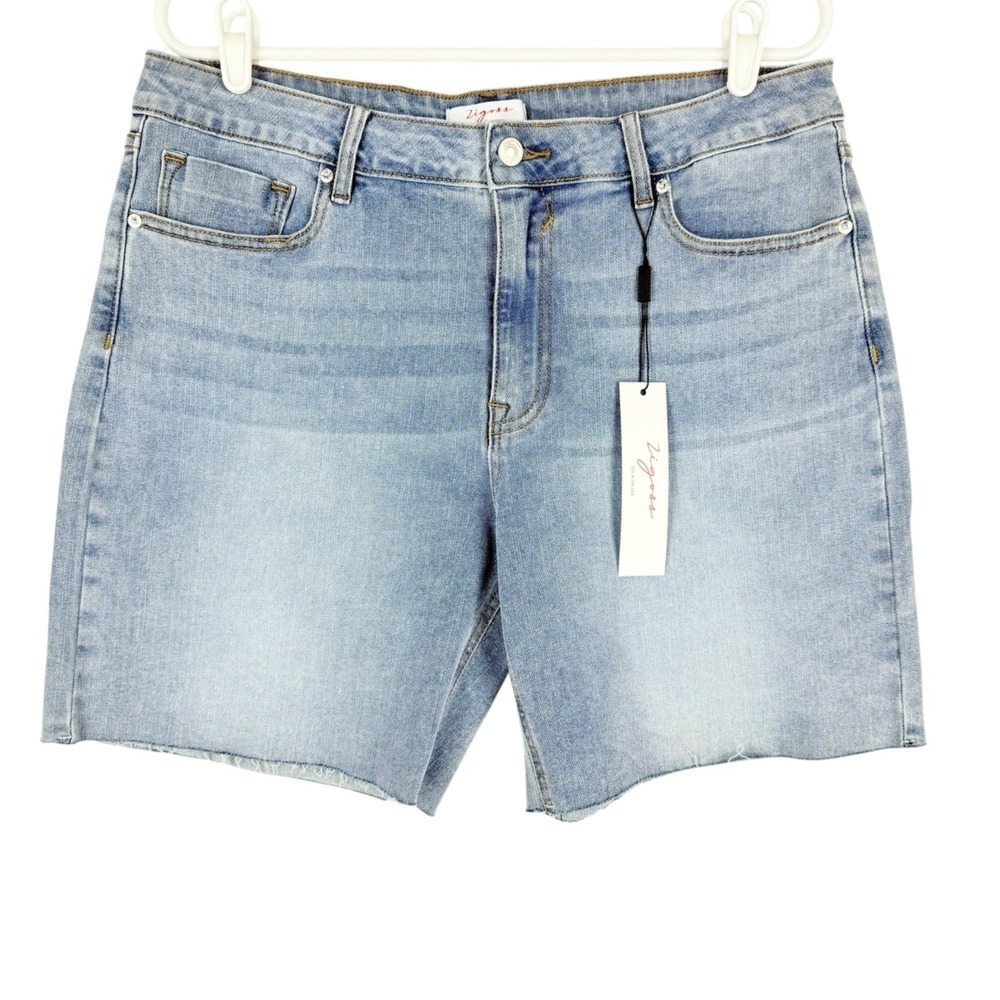 Vigoss Women's Ace High Rise Stretch Raw Hem Denim Bermuda Shorts Size 15/32 NWT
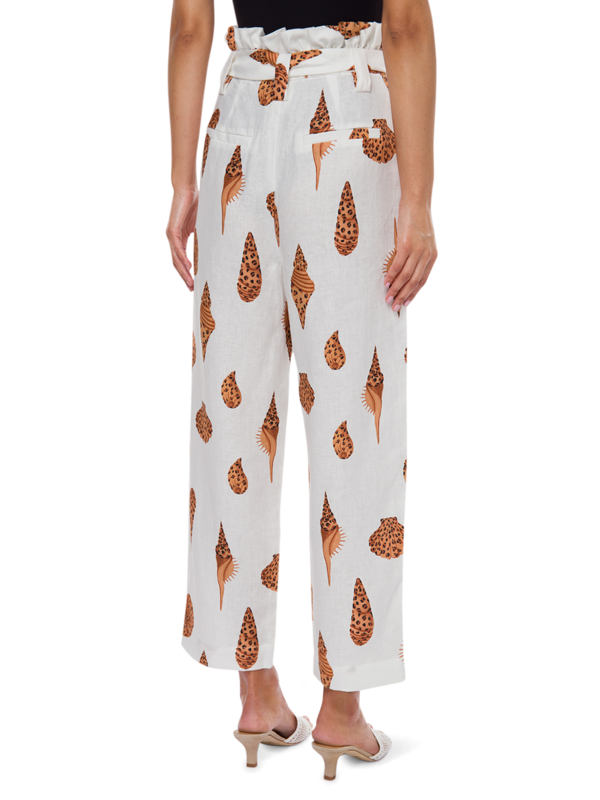 Leopard Shell Paperbag Pants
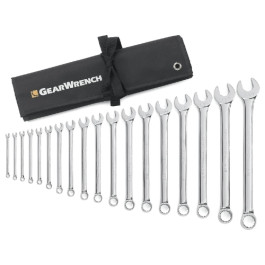 Gearwrench 81917 Long Pattern Combination Wrench Set, SAE, 12 Point, Tool Roll, 18 Piece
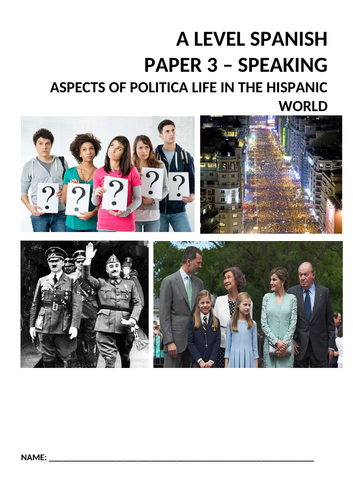 New Spanish A Level: paper 3 (speaking) discussion cards. Aspects of political life.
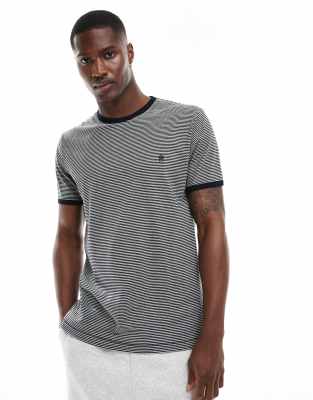 French Connection small stripe yarn dye t-shirt in navy & light grey ...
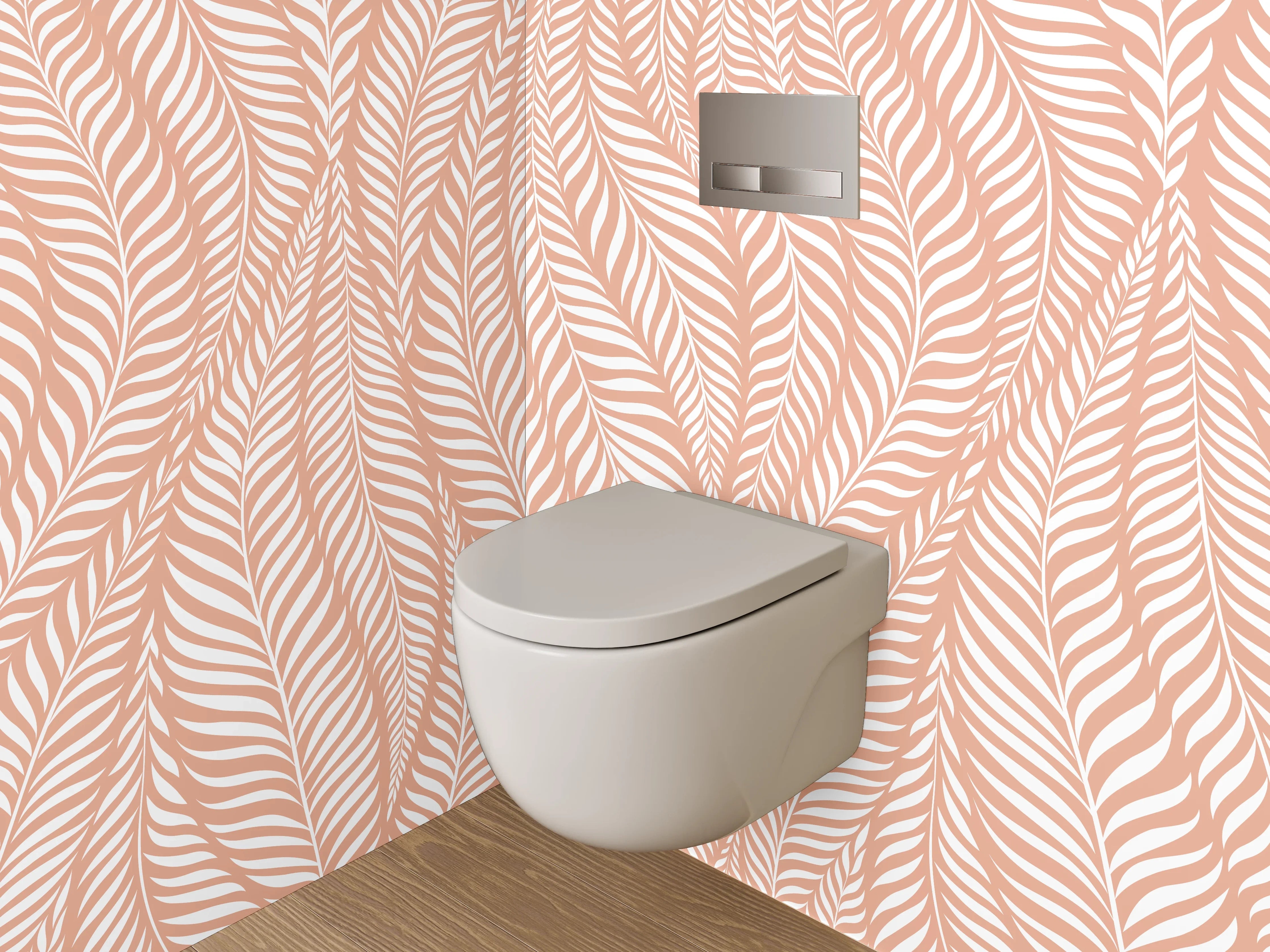 WC-Rückwand - Zartes Blattmuster Rosé Beige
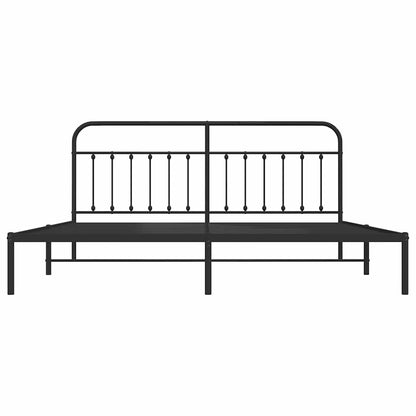 Giroletto con Testiera in Metallo Nero 200x200 cm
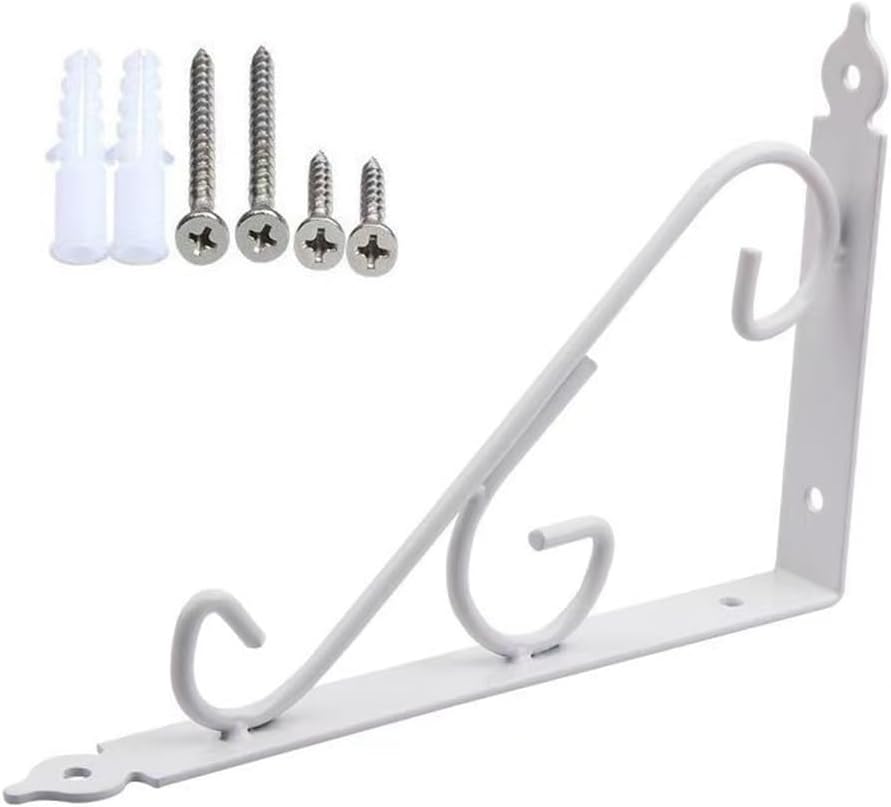 Shelf Brackets,2 Pieces Bracket Wall Mounted Metallic Shelf partition 3mm 90 Degree Right Angle Floating Brackets (250×164mm,Black) ( Color : White , Size : 200x126mm ) ( Color : White , Size : 200x12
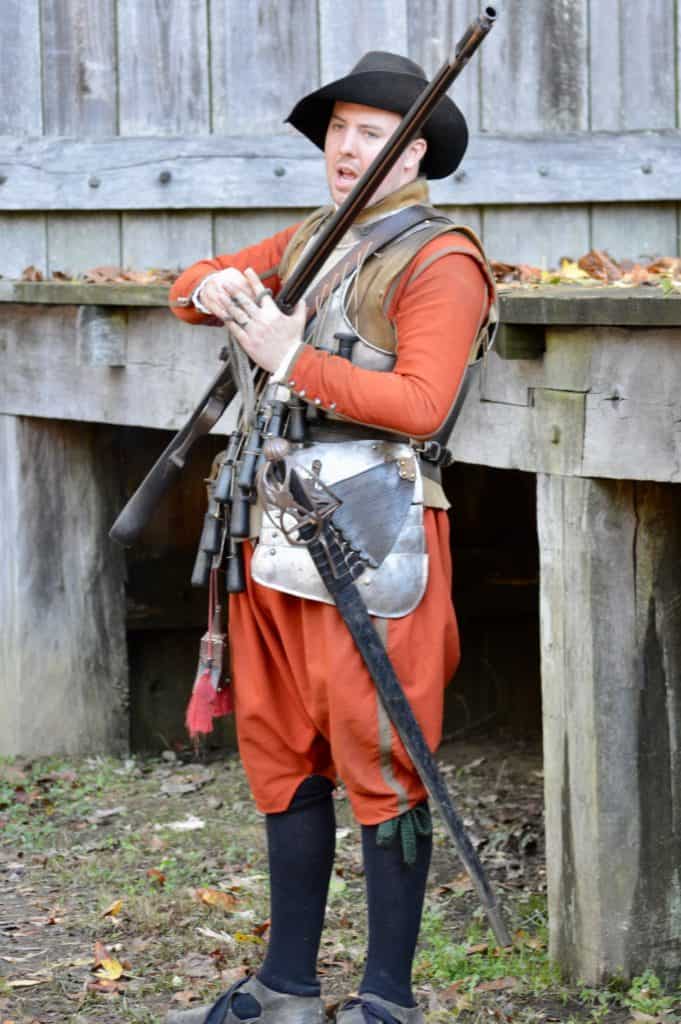 Jamestown soldier historic reenactment. Winter activities for teens.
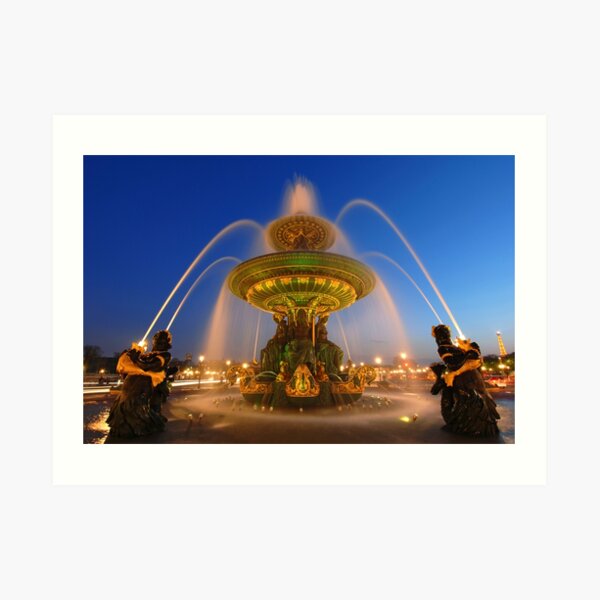 Fontaine des Fleuves la nuit Impression artistique
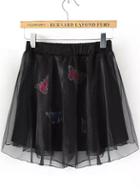 Romwe Elastic Waist Butterfly Patch Pleated Black Skirt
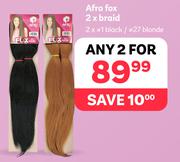 Afro Fox 2 x Braid/2 x 1 Black/27 Blonde-For 2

════════

• [ASSIGNMENT] Could you restate every entry above word for word, leaving out the pictures?

• [REPLY TO THE EXERCISE]
 Vigoss Women's Ace High Rise Stretch Raw Hem Denim Bermuda Shorts Size 15/32 NWT
 Leopard Shell Paperbag Pants
 Gearwrench 81917 Long Pattern Combination Wrench Set, SAE, 12 Point, Tool Roll, 18 Piece
 New Spanish A Level: paper 3 (speaking) discussion cards. Aspects of political life.
 French Connection small stripe yarn dye t-shirt in navy & light grey ...
 WC-Rückwand - Zartes Blattmuster Rosé Beige
 Giroletto con Testiera in Metallo Nero 200x200 cm
 Shelf Brackets,2 Pieces Bracket Wall Mounted Metallic Shelf partition 3mm 90 Degree Right Angle Floating Brackets (250×164mm,Black) ( Color : White , Size : 200x126mm ) ( Color : White , Size : 200x12
 Jamestown soldier historic reenactment. Winter activities for teens.
 Fontaine des Fleuves la nuit Impression artistique
 Romwe Elastic Waist Butterfly Patch Pleated Black Skirt
 Afro Fox 2 x Braid/2 x 1 Black/27 Blonde-For 2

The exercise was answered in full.